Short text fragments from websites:
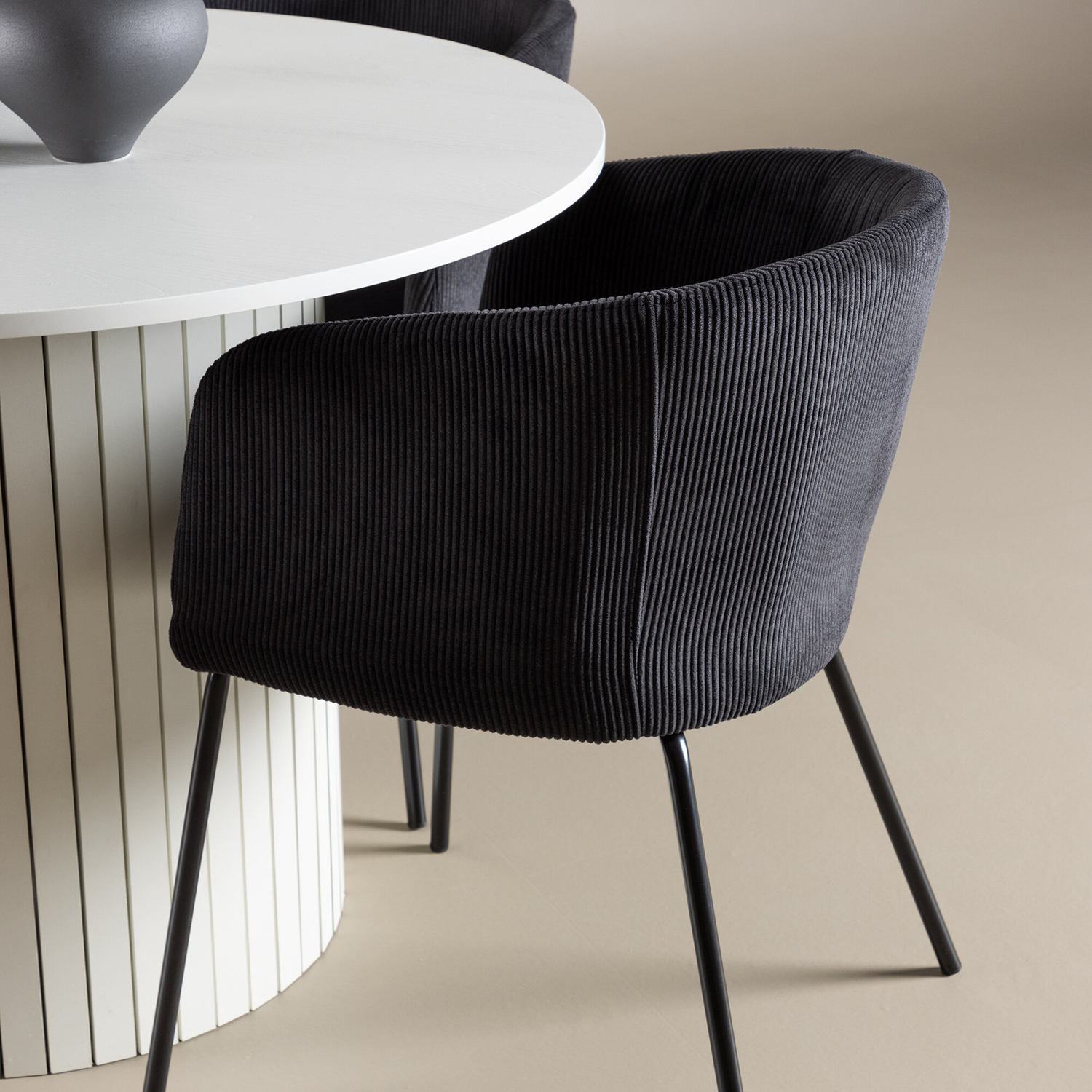 Spisegruppe Venture Home Härön Ø110 med 4 stk Berit Stoler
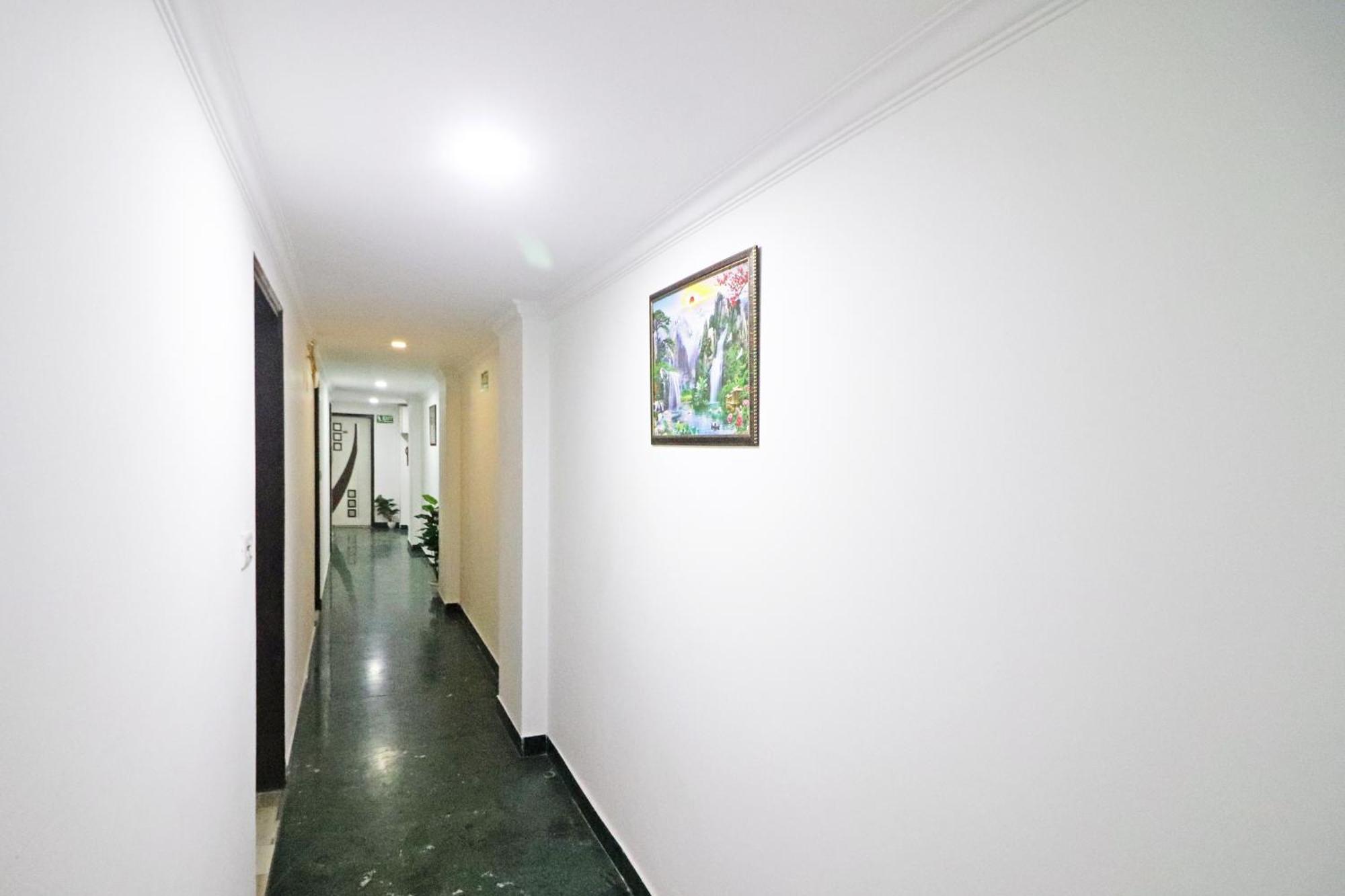 Hotel Clink New Delhi Airport Ngoại thất bức ảnh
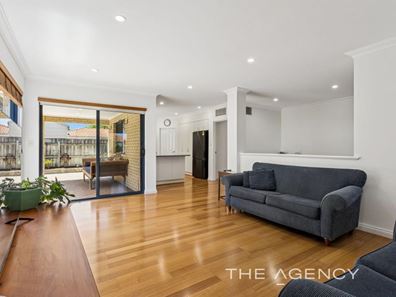 2/42 New England Drive, Hillarys WA 6025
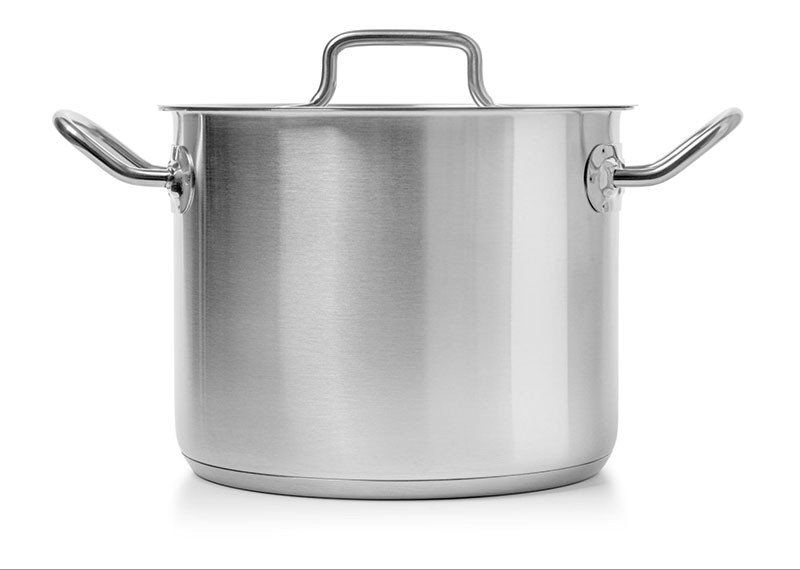 Nồi đun nước gội bồ kết thảo dược cô đặc trên bếp
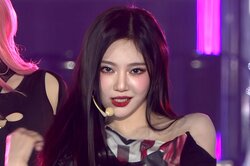 「女神やん」「セクシーでかっこいいの最強」aespa、美くびれあらわな衣装で圧巻のパフォーマンス！ファンから称賛の声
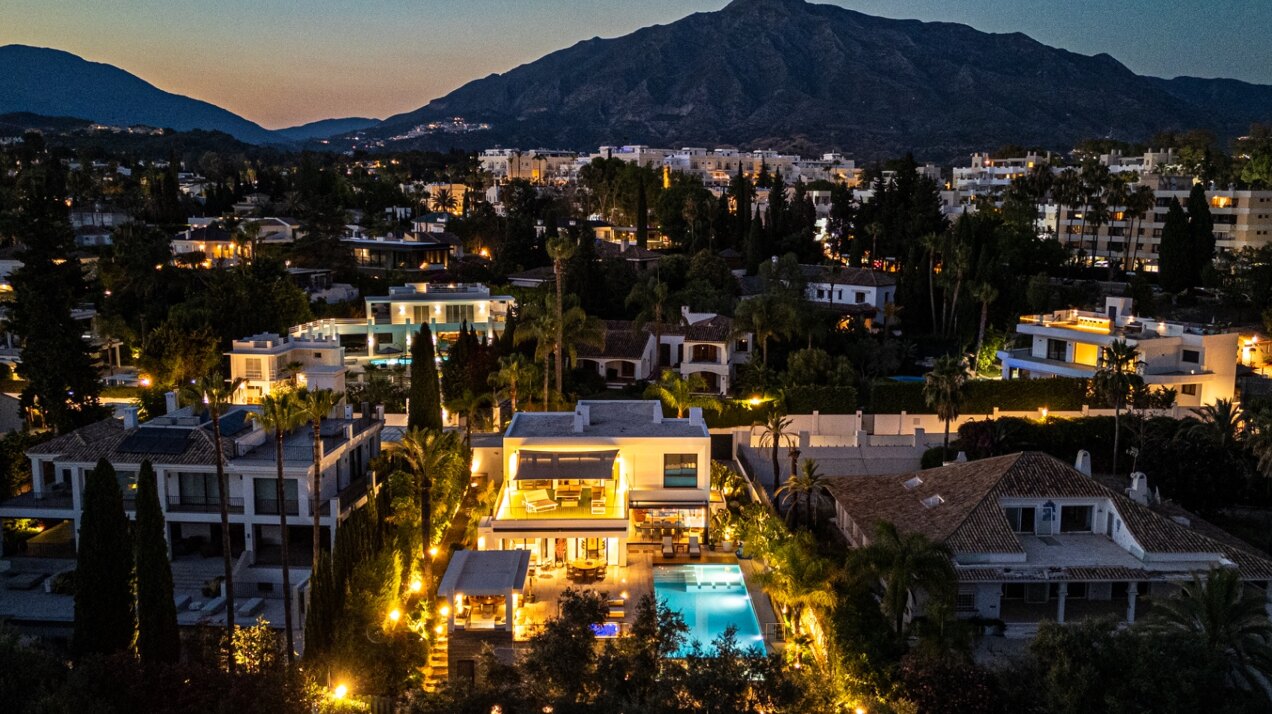 Villa Bond - Utmost Luxury in Nueva Andalucía
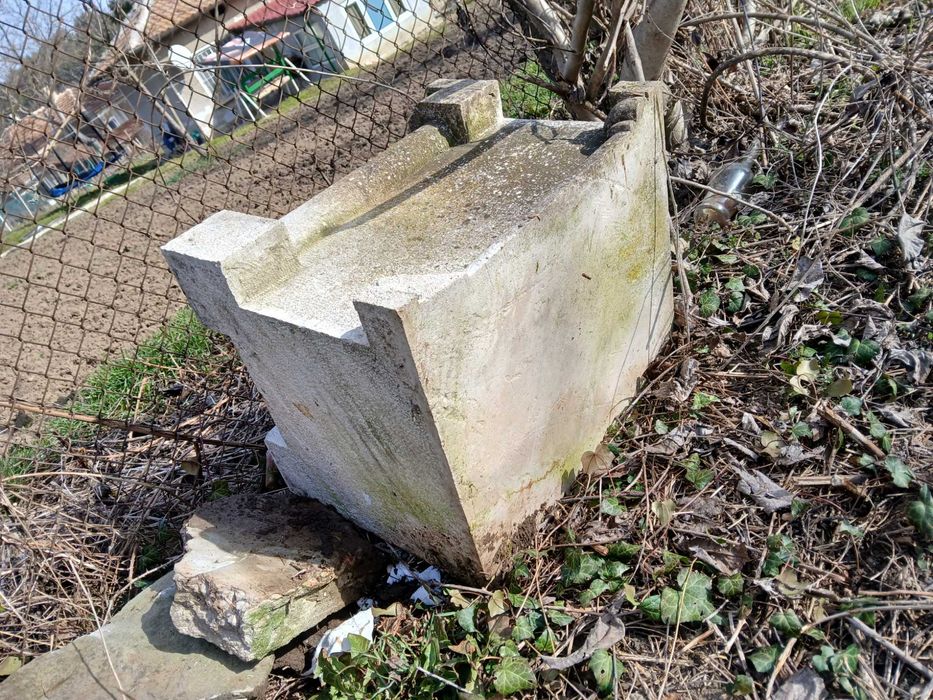 Продавав варовик , камъни , скали , плочи , варовикови камъни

Exercise: Exactly as they appear above, write out all the entries, but not the images.

Output:
 Spisegruppe Venture Home Härön Ø110 med 4 stk Berit Stoler
 Hotel Clink New Delhi Airport Ngoại thất bức ảnh
 2/42 New England Drive, Hillarys WA 6025
 Nồi đun nước gội bồ kết thảo dược cô đặc trên bếp
 「女神やん」「セクシーでかっこいいの最強」aespa、美くびれあらわな衣装で圧巻のパフォーマンス！ファンから称賛の声
 Villa Bond - Utmost Luxury in Nueva Andalucía
 Продавав варовик , камъни , скали , плочи , варовикови камъни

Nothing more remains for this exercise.